In [17]:
import pandas as pd
import numpy as np

In [18]:
csv_file_path = 'spam.csv' 
sms_data = pd.read_csv(csv_file_path, usecols=[0, 1], names=['label', 'message'], header=0, encoding='ISO-8859-1')

In [20]:
import string
import re

In [21]:
def preprocess_text(text):
    text = text.lower()  #convert into lower case 
    text = re.sub(f'[{string.punctuation}]', '', text) #remove the punctuations 
    text = re.sub('\d+', '', text)  #remove digits 
    return text

In [22]:
sms_data['message'] = sms_data['message'].apply(preprocess_text)

In [23]:
sms_data['label'] = sms_data['label'].map({'ham': 0, 'spam': 1})

In [24]:
print(sms_data.head())

   label                                            message
0      0  go until jurong point crazy available only in ...
1      0                            ok lar joking wif u oni
2      1  free entry in  a wkly comp to win fa cup final...
3      0        u dun say so early hor u c already then say
4      0  nah i dont think he goes to usf he lives aroun...


In [25]:
from sklearn.model_selection import train_test_split
from sklearn.linear_model import LogisticRegression

In [27]:
X_train, X_test, y_train, y_test = train_test_split(sms_data['message'], sms_data['label'], test_size=0.2, random_state=42)

In [28]:
from sklearn.feature_extraction.text import TfidfVectorizer

In [29]:
vectorizer = TfidfVectorizer(stop_words='english')
X_train_v = vectorizer.fit_transform(X_train)
X_test_v = vectorizer.transform(X_test)

In [30]:
from sklearn.model_selection import GridSearchCV
param_grid = {
    'C': [0.01, 0.1, 1, 10, 100],
    'penalty': ['l1', 'l2'],
    'solver': ['liblinear']
}

In [31]:
lr = LogisticRegression()

In [32]:
grid_search = GridSearchCV(lr, param_grid, scoring='f1', cv=5)
grid_search.fit(X_train_v, y_train)



In [40]:
best_params = grid_search.best_params_
model = LogisticRegression(**best_params)
model.fit(X_train_v, y_train)

In [41]:
y_pred = model.predict(X_test_v)

In [42]:
from sklearn.metrics import accuracy_score, precision_score, recall_score, f1_score

In [43]:
acc = accuracy_score(y_test, y_pred)
p = precision_score(y_test, y_pred)
recall = recall_score(y_test, y_pred)
f1 = f1_score(y_test, y_pred)

In [44]:
print(f'Accuracy: {accuracy}, Precision: {precision}, Recall: {recall}, F1 Score: {f1}')
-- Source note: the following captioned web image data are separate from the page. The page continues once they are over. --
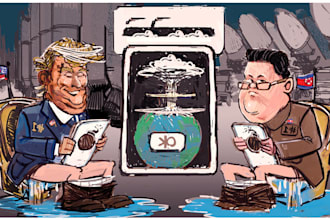 create  political caricature and cartoon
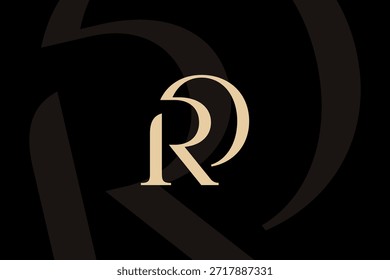 RO or OR letter logo icon design. Classic style luxury initials monogram.
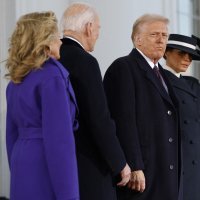 Jill Biden, Joe Biden, Donald Trump i Melania Trump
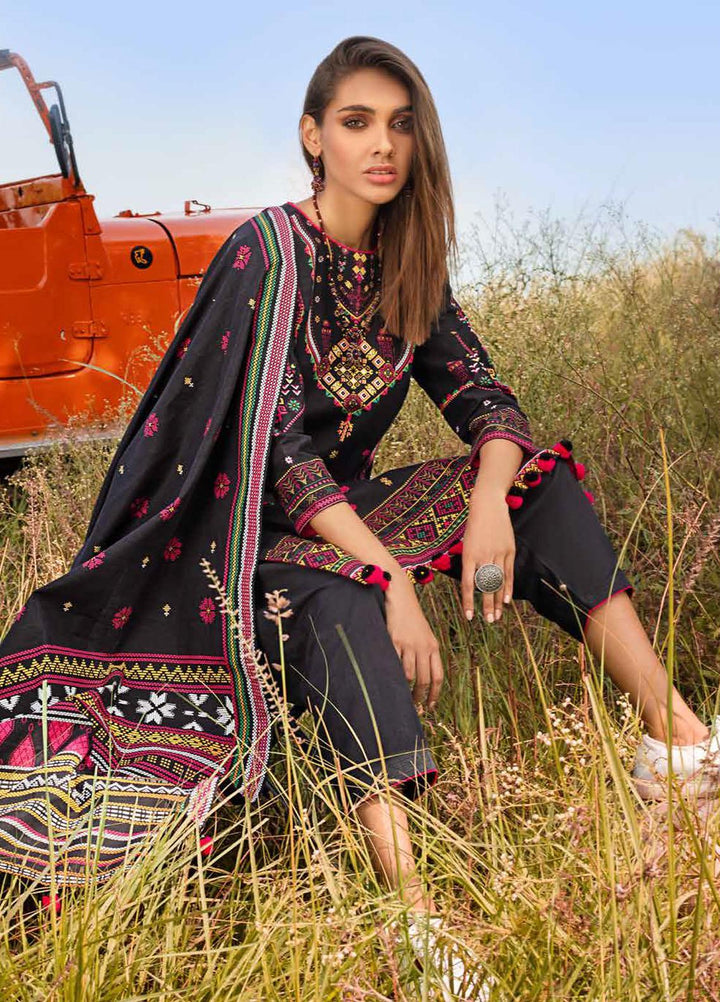 Gul Ahmed Printed Khaddar Suits Unstitched 3 Piece GA21JW K-12040 - Winter Collection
Accuracy: 0.9748878923766816, Precision: 0.9552238805970149, Recall: 0.8533333333333334, F1 Score: 0.9014084507042254


In [45]:

def predict_message(text):
    text = preprocess_text(text)
    text_v = vectorizer.transform([text])
    prediction = model.predict(text_v)
    return 'spam' if prediction == 1 else 'ham'

mess = "Congratulations! You've won a free ticket to Bahamas. Text WIN to 12345."
print(predict_message(mess))

spam


In [46]:
from sklearn.preprocessing import LabelEncoder
from tensorflow.keras.models import Sequential
from tensorflow.keras.layers import Dense
from tensorflow.keras.optimizers import Adam
from tensorflow.keras.losses import BinaryCrossentropy
from tensorflow.keras.metrics import Precision, Recall




In [47]:
sms_data['message'] = sms_data['message'].apply(preprocess_text)
sms_data['label'] = LabelEncoder().fit_transform(sms_data['label'])

In [48]:
X_train, X_test, y_train, y_test = train_test_split(sms_data['message'], sms_data['label'], test_size=0.2, random_state=42)

In [49]:
vectorizer = TfidfVectorizer(stop_words='english')
X_train_v = vectorizer.fit_transform(X_train).toarray()
X_test_v = vectorizer.transform(X_test).toarray()

In [51]:
model2 = Sequential()
model2.add(Dense(128, input_dim=X_train_tfidf.shape[1], activation='relu'))
model2.add(Dense(64, activation='relu'))
model2.add(Dense(1, activation='sigmoid'))

In [52]:
model2.compile(optimizer=Adam(learning_rate=0.001), 
              loss=BinaryCrossentropy(), 
              metrics=[Precision(), Recall()])

In [54]:
model2.fit(X_train_v, y_train, epochs=10, batch_size=32, validation_split=0.2)

Epoch 1/10

Epoch 2/10
Epoch 3/10
Epoch 4/10
Epoch 5/10
Epoch 6/10
Epoch 7/10
Epoch 8/10
Epoch 9/10
Epoch 10/10


<keras.src.callbacks.History at 0x271aef37d90>

In [56]:
loss, precision, recall = model2.evaluate(X_test_v, y_test)
f1 = 2 * (precision * recall) / (precision + recall)



In [57]:
print(f'Loss: {loss}, Precision: {precision}, Recall: {recall}, F1 Score: {f1}')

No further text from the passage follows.